Right now, hardware-based security comes from the Trusted Platform Module (TPM), which is separate from the CPU. The problem with this method is that while the TPM is effective, attackers can target the channel between the TPM and the CPU. That's the weak point.
That's one thing that's being solved by Pluton. The Pluton security chip will be built directly into the CPU, and Microsoft said that it's working with Intel, AMD, and Qualcomm on this. In fact, AMD said it will be the first to use it.
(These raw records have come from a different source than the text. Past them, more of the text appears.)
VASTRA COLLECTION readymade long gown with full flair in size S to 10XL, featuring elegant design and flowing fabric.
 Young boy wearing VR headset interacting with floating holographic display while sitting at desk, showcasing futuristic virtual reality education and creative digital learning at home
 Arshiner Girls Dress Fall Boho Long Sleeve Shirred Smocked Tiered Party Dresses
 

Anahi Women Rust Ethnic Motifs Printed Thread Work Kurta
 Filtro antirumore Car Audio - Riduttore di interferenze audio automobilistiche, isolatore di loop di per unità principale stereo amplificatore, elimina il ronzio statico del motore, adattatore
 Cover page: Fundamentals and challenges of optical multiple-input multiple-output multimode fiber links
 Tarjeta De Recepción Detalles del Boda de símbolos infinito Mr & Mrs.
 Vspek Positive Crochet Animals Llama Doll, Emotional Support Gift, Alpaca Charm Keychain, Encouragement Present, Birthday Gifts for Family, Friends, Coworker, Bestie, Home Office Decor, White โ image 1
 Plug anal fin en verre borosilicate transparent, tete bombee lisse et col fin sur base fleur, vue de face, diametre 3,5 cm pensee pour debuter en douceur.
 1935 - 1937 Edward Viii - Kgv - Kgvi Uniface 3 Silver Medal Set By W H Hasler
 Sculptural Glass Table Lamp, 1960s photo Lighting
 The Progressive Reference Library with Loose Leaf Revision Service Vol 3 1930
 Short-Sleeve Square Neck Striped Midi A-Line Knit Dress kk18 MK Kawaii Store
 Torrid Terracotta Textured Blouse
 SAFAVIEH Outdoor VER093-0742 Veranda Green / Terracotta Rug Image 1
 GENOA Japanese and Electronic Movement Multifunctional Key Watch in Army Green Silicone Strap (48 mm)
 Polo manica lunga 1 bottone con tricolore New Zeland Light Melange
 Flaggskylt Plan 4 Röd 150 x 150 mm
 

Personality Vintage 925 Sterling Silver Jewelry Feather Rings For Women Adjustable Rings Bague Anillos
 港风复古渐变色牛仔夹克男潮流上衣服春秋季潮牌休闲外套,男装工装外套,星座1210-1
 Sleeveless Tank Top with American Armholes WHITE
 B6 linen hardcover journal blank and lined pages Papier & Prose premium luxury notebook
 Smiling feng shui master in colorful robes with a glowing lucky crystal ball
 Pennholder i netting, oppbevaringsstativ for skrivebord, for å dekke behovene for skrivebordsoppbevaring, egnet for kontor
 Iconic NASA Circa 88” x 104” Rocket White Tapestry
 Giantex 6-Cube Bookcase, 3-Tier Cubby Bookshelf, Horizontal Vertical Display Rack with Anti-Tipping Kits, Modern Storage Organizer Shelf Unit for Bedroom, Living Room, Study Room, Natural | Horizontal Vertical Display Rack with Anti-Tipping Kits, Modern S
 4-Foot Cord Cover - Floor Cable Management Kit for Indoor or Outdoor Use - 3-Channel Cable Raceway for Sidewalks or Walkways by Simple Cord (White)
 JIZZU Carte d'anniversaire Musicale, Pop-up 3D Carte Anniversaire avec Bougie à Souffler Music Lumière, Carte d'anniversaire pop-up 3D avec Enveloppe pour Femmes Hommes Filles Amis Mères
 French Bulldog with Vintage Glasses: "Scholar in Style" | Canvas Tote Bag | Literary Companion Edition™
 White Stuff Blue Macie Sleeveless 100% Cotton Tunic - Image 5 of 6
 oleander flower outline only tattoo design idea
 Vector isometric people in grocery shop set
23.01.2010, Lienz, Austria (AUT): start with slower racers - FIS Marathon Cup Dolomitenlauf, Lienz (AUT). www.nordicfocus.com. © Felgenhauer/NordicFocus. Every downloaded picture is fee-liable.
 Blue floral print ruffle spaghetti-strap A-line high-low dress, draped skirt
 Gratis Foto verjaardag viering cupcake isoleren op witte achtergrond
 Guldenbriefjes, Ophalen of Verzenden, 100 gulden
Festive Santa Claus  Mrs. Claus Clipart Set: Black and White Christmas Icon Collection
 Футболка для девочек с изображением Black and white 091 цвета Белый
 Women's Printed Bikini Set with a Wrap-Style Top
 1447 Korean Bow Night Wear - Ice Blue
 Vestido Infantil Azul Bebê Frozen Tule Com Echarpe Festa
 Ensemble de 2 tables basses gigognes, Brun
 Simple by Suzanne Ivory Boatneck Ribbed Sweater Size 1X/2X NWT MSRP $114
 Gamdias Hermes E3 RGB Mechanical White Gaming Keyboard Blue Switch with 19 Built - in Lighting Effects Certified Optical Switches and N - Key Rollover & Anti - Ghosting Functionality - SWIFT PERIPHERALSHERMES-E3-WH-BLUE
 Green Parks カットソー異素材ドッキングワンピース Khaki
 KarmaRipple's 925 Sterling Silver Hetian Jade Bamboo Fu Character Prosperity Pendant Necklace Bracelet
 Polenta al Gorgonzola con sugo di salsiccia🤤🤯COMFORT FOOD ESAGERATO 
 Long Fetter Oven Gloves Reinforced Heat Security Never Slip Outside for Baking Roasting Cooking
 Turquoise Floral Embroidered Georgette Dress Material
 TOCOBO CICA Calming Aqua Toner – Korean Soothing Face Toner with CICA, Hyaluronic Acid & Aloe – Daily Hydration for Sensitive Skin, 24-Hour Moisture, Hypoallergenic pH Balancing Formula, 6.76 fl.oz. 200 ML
"At AMD, security is our top priority and we are proud to have been at the forefront of hardware security platform design to support features that help safeguard users from the most sophisticated attacks," said Jason Thomas, head of product security at AMD. "As a part of that vigilance, AMD and Microsoft have been closely partnering to develop and continuously improve processor-based security solutions, beginning with the Xbox One console and now in the PC. We design and build our products with security in mind and bringing Microsoft’s Pluton technology to the chip level will enhance the already strong security capabilities of our processors."
Pluton will work with things that currently require a TPM, such as BitLocker and System Guard. In fact, Microsoft says that this information can't be removed from the Pluton chip by way of malware or anything else.
Another thing that's kind of a big deal is that firmware updates are going to come directly from Microsoft. Right now, your firmware updates can come from a variety of places. They could come from Windows Update, Lenovo has its Vantage app, HP has Support Assistant, Dell has SupportAssist, and there's more. This is hard to manage, and Microsoft says that Pluton for Windows PCs will be "integrated with the Windows Update process in the same way that the Azure Sphere Security Service connects to IoT devices."
Microsoft didn't say exactly when we're going to see PCs shipping with CPUs that have Pluton, but it's probably going to be a little while. After all, if AMD is going to be the first, we'll have to wait at least for Ryzen 5000 mobile processors.